İşgal devletinin kuruluşunun 60. yıldönümü münasebetiyle dünyada değişik faaliyetler düzenleniyor.
Bunların birçoğunda Siyonist işgal lanetleniyor. Siyonist devlet ise kutlamalar düzenleyip lobi çalışmaları yürütüyor. ABD Başkanı Bush da bu münasebetle işgal devletine ziyaret düzenleyerek Siyonizme ve onun gayrimeşru devlet yapılanması olan İsrail’e beyat tazeledi. Biz de bugünkü yazımızda onun bu ziyaretinin genel bir değerlendirmesini yapmak istiyoruz.
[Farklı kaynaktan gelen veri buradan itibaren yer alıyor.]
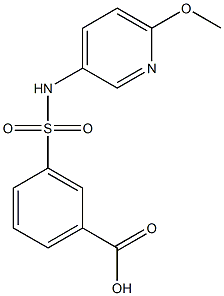 3-[(6-methoxypyridin-3-yl)sulfamoyl]benzoic acid Struktur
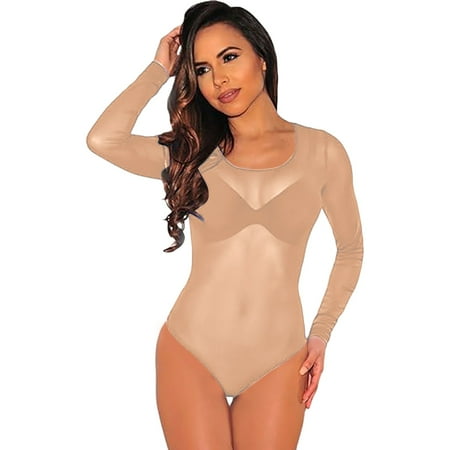 Minimizer Bras for Women Women Long Sleeves Mesh See Sexy And Cute Temperament Through Jumpsuit Bodysuit Top Fun Lingerie Push Up Bras for Women(Size:M)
Filistin İslâmî Direniş Hareketi (Hamas), Bush’un ziyareti öncesinde yaptığı açıklamada onun böyle bir ziyaret gerçekleştirmesinin hayra alâmet olmadığını, bilakis bir uğursuzluk sinyali verdiğini vurgulamıştı. Çünkü ABD yönetimi adına işgal devletine yapılan ziyaretler, Siyonistlere güç ve cesaret vermiş, onlar da bunu Filistinlilere yönelik insanlık dışı saldırılarını, baskı uygulamalarını artırmada kullanmışlardır. Özellikle, Gazze üzerindeki kuşatmanın kaldırılması amacıyla ateşkes girişimlerinin yoğunlaştığı böyle bir dönemde ABD Başkanı Bush’un ziyaretinin olumsuz tesir yapacağı ve onun ayağının uğursuzluk getireceği tahmin ediliyordu. Nitekim Bush’un ziyaret süresince yaptığı konuşmaları ve açıklamalarıyla Siyonist saldırganları daha da cüretlendirmeye çalıştığı görüldü.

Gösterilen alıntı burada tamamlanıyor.